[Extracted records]
++++++++++++++++++++

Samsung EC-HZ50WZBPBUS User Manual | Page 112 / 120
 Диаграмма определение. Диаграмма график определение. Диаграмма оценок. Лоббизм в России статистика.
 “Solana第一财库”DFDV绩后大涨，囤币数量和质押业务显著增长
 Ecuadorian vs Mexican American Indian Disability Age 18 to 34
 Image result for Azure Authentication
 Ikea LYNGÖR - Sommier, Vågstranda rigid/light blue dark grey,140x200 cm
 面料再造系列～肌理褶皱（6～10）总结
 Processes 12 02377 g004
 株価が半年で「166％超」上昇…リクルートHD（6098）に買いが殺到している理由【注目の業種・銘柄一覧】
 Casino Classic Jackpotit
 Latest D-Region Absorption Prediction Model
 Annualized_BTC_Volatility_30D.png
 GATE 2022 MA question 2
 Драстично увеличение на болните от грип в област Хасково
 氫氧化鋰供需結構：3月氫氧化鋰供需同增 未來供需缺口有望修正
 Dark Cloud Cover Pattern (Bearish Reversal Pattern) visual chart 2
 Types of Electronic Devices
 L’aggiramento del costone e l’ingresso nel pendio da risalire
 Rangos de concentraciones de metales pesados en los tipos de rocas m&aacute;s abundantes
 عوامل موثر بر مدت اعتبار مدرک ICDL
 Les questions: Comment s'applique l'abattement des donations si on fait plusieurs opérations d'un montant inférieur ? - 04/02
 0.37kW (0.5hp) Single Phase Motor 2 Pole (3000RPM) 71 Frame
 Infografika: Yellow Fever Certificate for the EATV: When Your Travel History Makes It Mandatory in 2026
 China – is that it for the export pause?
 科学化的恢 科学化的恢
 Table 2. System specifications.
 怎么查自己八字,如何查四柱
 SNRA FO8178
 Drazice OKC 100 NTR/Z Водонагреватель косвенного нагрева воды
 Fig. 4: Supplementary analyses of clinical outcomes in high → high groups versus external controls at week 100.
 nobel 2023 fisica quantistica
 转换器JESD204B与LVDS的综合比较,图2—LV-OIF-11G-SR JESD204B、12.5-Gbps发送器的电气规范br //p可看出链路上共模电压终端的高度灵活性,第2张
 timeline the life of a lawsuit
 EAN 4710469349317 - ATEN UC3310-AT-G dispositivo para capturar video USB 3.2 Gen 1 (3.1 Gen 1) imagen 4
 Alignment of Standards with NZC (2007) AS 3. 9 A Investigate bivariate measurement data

++++++++++++++++++++

• YOUR ASSIGNMENT: Nothing in the records above may be left out; repeat them exactly.

• TASK RESULT:
Samsung EC-HZ50WZBPBUS User Manual | Page 112 / 120
 Диаграмма определение. Диаграмма график определение. Диаграмма оценок. Лоббизм в России статистика.
 “Solana第一财库”DFDV绩后大涨，囤币数量和质押业务显著增长
 Ecuadorian vs Mexican American Indian Disability Age 18 to 34
 Image result for Azure Authentication
 Ikea LYNGÖR - Sommier, Vågstranda rigid/light blue dark grey,140x200 cm
 面料再造系列～肌理褶皱（6～10）总结
 Processes 12 02377 g004
 株価が半年で「166％超」上昇…リクルートHD（6098）に買いが殺到している理由【注目の業種・銘柄一覧】
 Casino Classic Jackpotit
 Latest D-Region Absorption Prediction Model
 Annualized_BTC_Volatility_30D.png
 GATE 2022 MA question 2
 Драстично увеличение на болните от грип в област Хасково
 氫氧化鋰供需結構：3月氫氧化鋰供需同增 未來供需缺口有望修正
 Dark Cloud Cover Pattern (Bearish Reversal Pattern) visual chart 2
 Types of Electronic Devices
 L’aggiramento del costone e l’ingresso nel pendio da risalire
 Rangos de concentraciones de metales pesados en los tipos de rocas m&aacute;s abundantes
 عوامل موثر بر مدت اعتبار مدرک ICDL
 Les questions: Comment s'applique l'abattement des donations si on fait plusieurs opérations d'un montant inférieur ? - 04/02
 0.37kW (0.5hp) Single Phase Motor 2 Pole (3000RPM) 71 Frame
 Infografika: Yellow Fever Certificate for the EATV: When Your Travel History Makes It Mandatory in 2026
 China – is that it for the export pause?
 科学化的恢 科学化的恢
 Table 2. System specifications.
 怎么查自己八字,如何查四柱
 SNRA FO8178
 Drazice OKC 100 NTR/Z Водонагреватель косвенного нагрева воды
 Fig. 4: Supplementary analyses of clinical outcomes in high → high groups versus external controls at week 100.
 nobel 2023 fisica quantistica
 转换器JESD204B与LVDS的综合比较,图2—LV-OIF-11G-SR JESD204B、12.5-Gbps发送器的电气规范br //p可看出链路上共模电压终端的高度灵活性,第2张
 timeline the life of a lawsuit
 EAN 4710469349317 - ATEN UC3310-AT-G dispositivo para capturar video USB 3.2 Gen 1 (3.1 Gen 1) imagen 4
 Alignment of Standards with NZC (2007) AS 3. 9 A Investigate bivariate measurement data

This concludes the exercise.